→ SUPPLIED INFORMATION
((
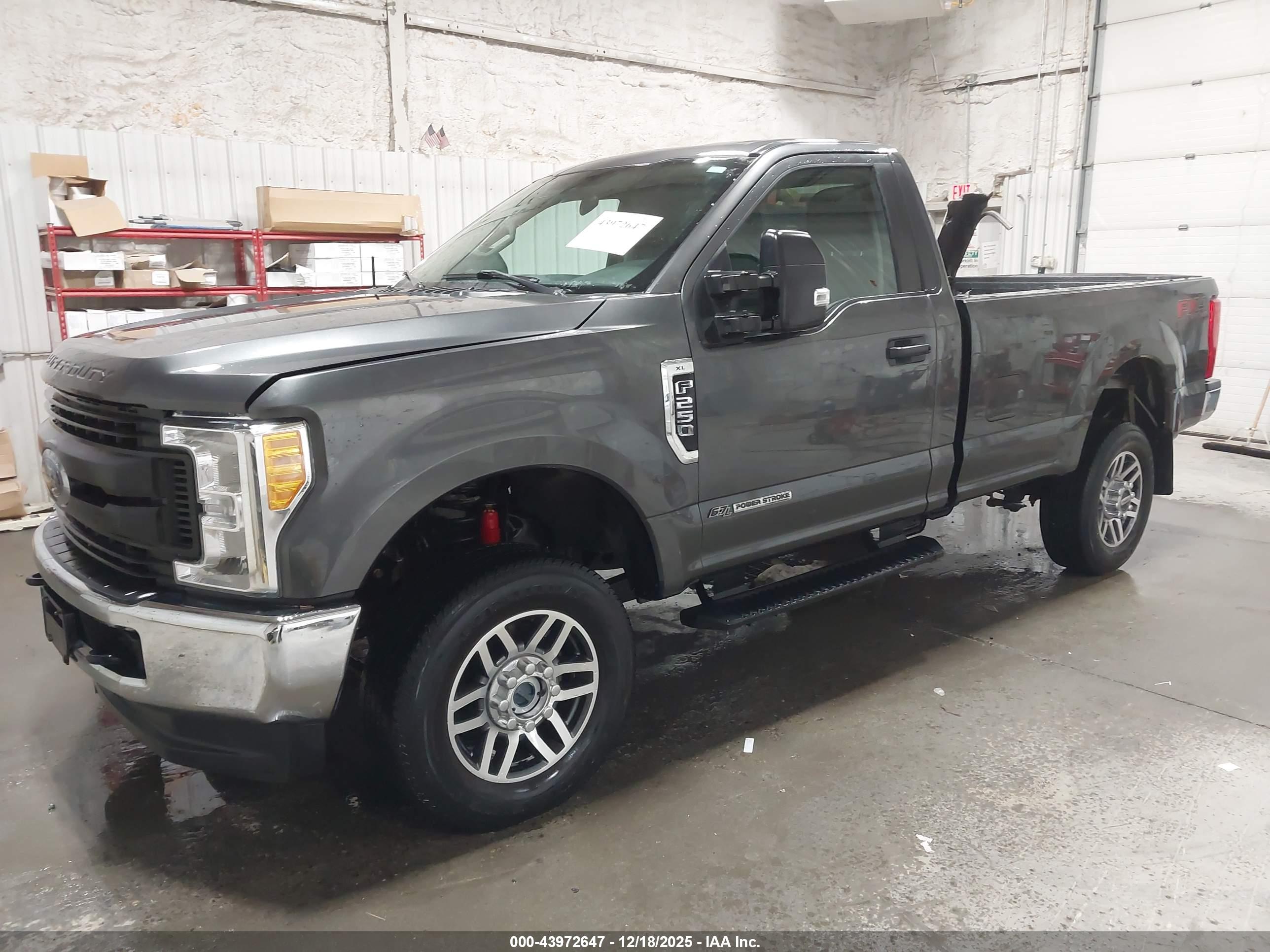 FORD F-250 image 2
))
((
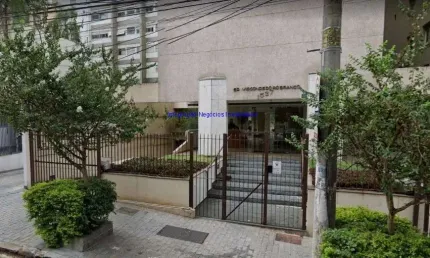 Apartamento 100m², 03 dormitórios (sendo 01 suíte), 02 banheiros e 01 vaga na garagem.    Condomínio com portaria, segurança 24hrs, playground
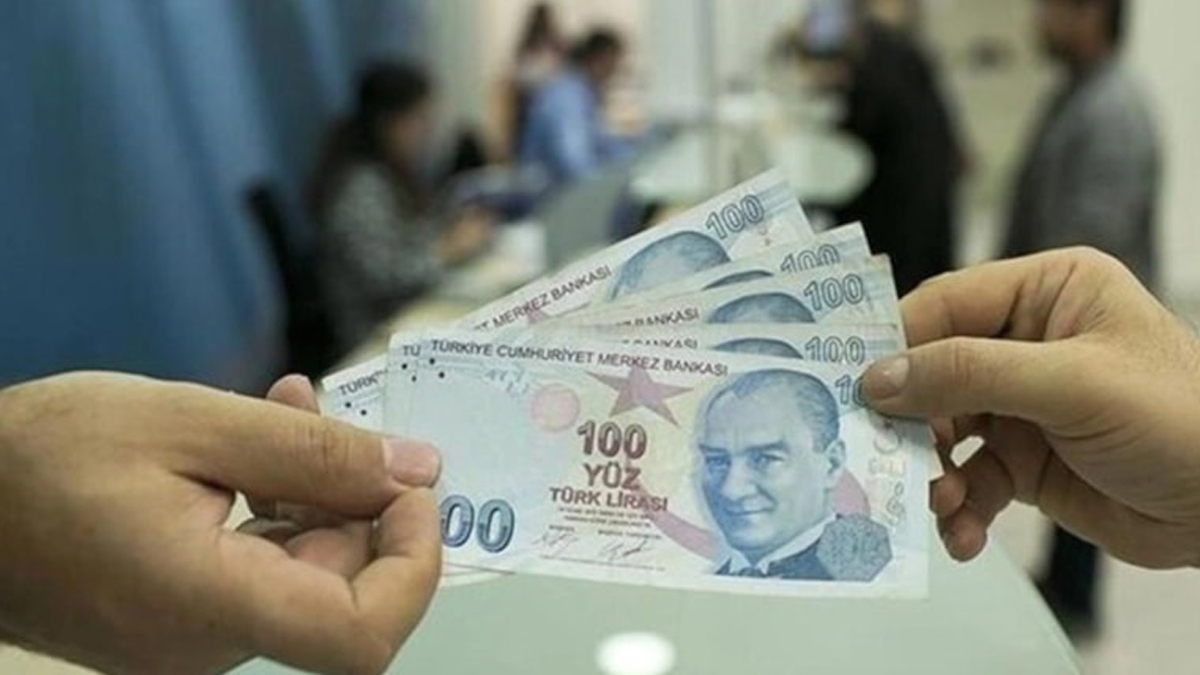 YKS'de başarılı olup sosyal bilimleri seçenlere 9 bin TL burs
))
→ TO DO
Print nothing but the lines above starting with the line that contains "Apartamento 100m², 03" and going on through the line that contains "YKS'de başarılı olup". Leave out the pictures.

→ EXERCISE ANSWER
 Apartamento 100m², 03 dormitórios (sendo 01 suíte), 02 banheiros e 01 vaga na garagem.    Condomínio com portaria, segurança 24hrs, playground
 YKS'de başarılı olup sosyal bilimleri seçenlere 9 bin TL burs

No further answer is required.